The Simplest Thing
When working through problems, the most impressive creators to me aren’t those that divine an entire solution in their brain for an hour, then slam out a perfect result (spoiler: this doesn’t exist outside of the occasional savant). I love to watch people who are great at avoiding the temptation to overcomplicate. People who can break problems down into components. People who can simplify complex problems by isolating parts, and blocking and tackling.
I enjoyed this, from an interview with Ward Cunningham (programmer and inventor of the wiki):
It was a question: “Given what we’re trying to do now, what is the simplest thing that could possibly work?” In other words, let’s focus on the goal. The goal right now is to make this routine do this thing. Let’s not worry about what somebody reading the code tomorrow is going to think. Let’s not worry about whether it’s efficient. Let’s not even worry about whether it will work.
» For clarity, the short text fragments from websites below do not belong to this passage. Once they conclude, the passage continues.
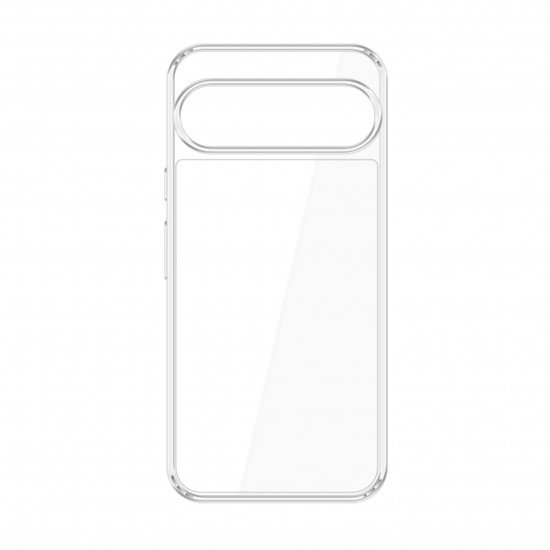 Google Pixel 9/ 9 Pro - 3mk Armor Case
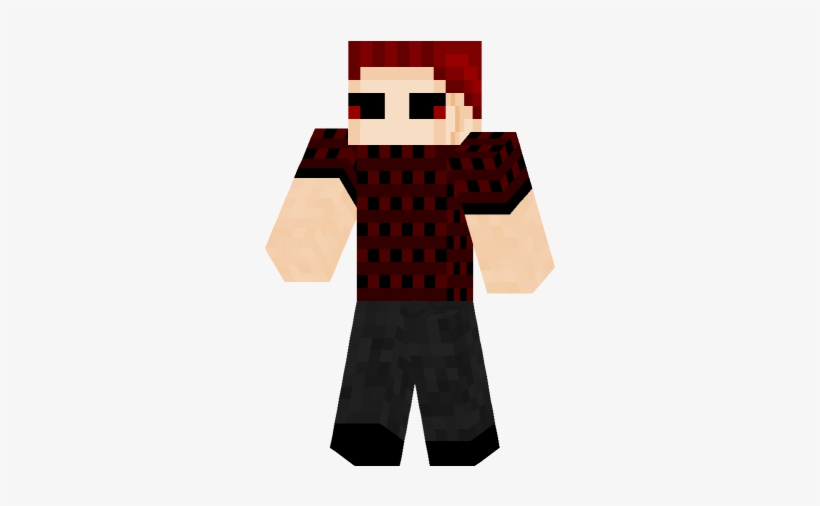 Lego, transparent png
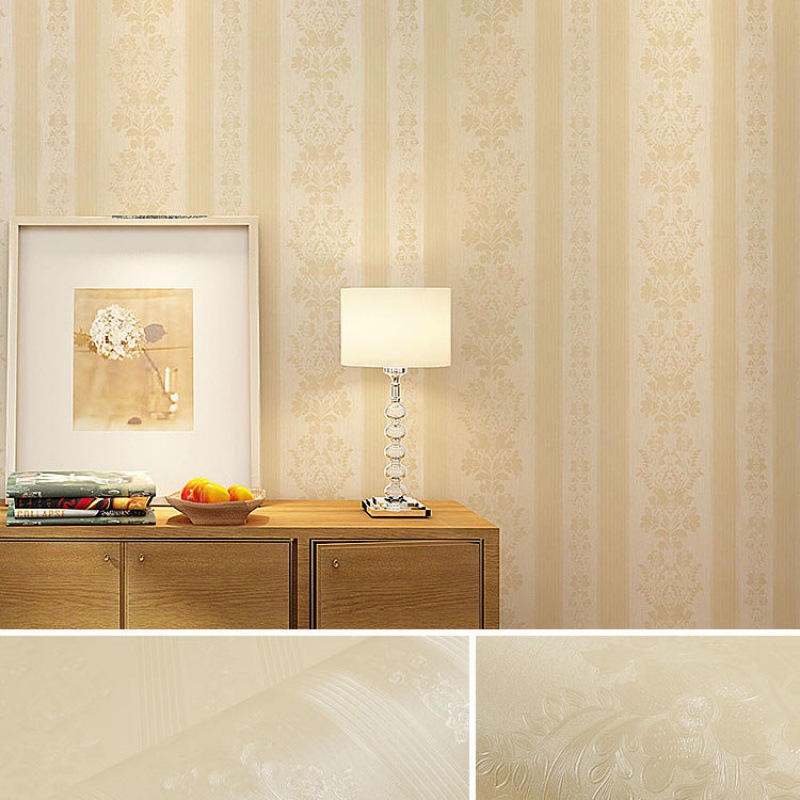 &&&【추천】노란 꽃&&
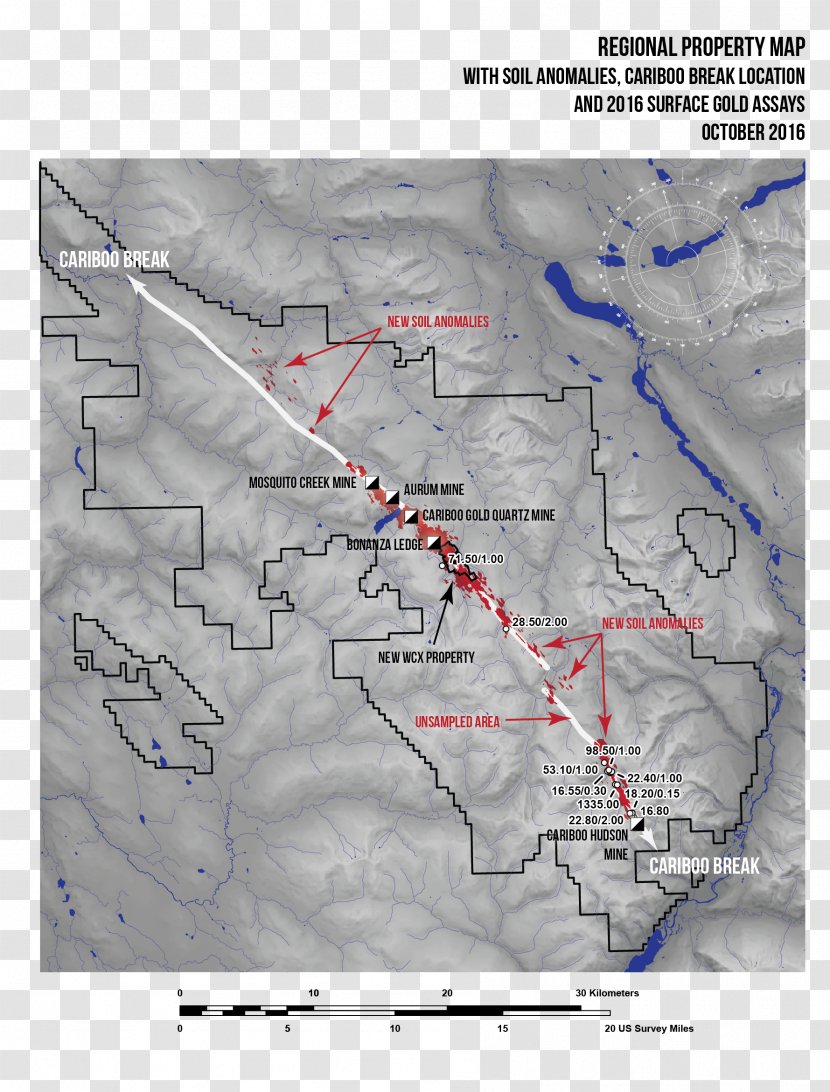 Map Tuberculosis Transparent PNG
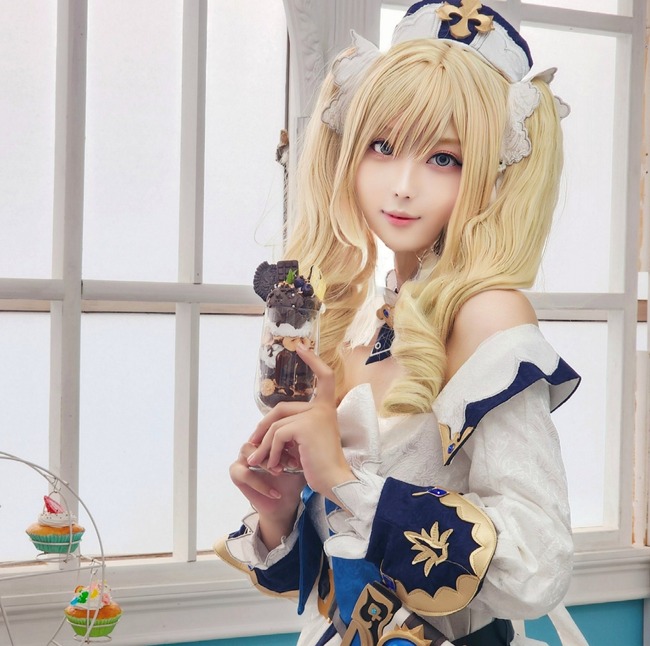 �ͱݥ��ꥹ���͵��������������ץ졡�����ץ쥤�䡼��ǯ�𡡥��ߥ󥰥����ȡ����������¡�36�Ф˴�Ϣ��������-02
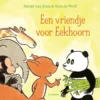 Een vriendje voor Eekhoorn | 9789021672076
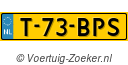 T73BPS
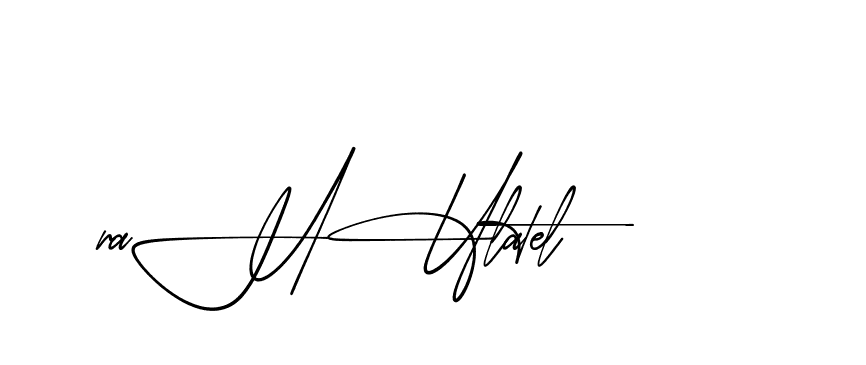 The best way (AishaScript-DO4Xd) to make a short signature is to pick only two or three words in your name. The name Ceard include a total of six letters. For converting this name. Ceard signature style 2 images and pictures png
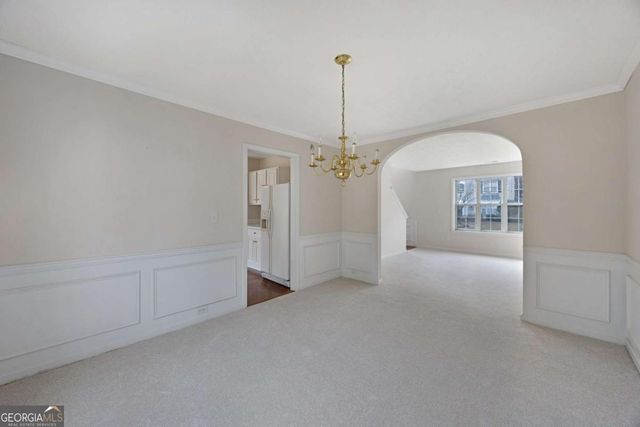 394 Ethridge Drive NW, Kennesaw, GA 30144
Let’s just write the simplest thing that could possibly work.
Once we had written it, we could look at it. And we’d say, “Oh yeah, now we know what’s going on,” because the mere act of writing it organized our thoughts. Maybe it worked. Maybe it didn’t. Maybe we had to code some more. But we had been blocked from making progress, and now we weren’t. We had been thinking about too much at once, trying to achieve too complicated a goal, trying to code it too well. Maybe we had been trying to impress our friends with our knowledge of computer science, whatever. But we decided to try whatever is most simple: to write an
ifstatement, return a constant, use a linear search. We would just write it and see it work. We knew that once it worked, we’d be in a better position to think of what we really wanted.
The most impressive software engineers I’ve worked with have a knack for this type of chewing through work. The simplest thing usually isn’t the cleanest, fewest lines of code, fewest moving parts, or the most well-tested. Simple means “does a basic function”, something you can categorically check and verify, something a collaborator can easily understand.
Sometimes you just need to first do the Simplest Thing before you can find the Correct thing.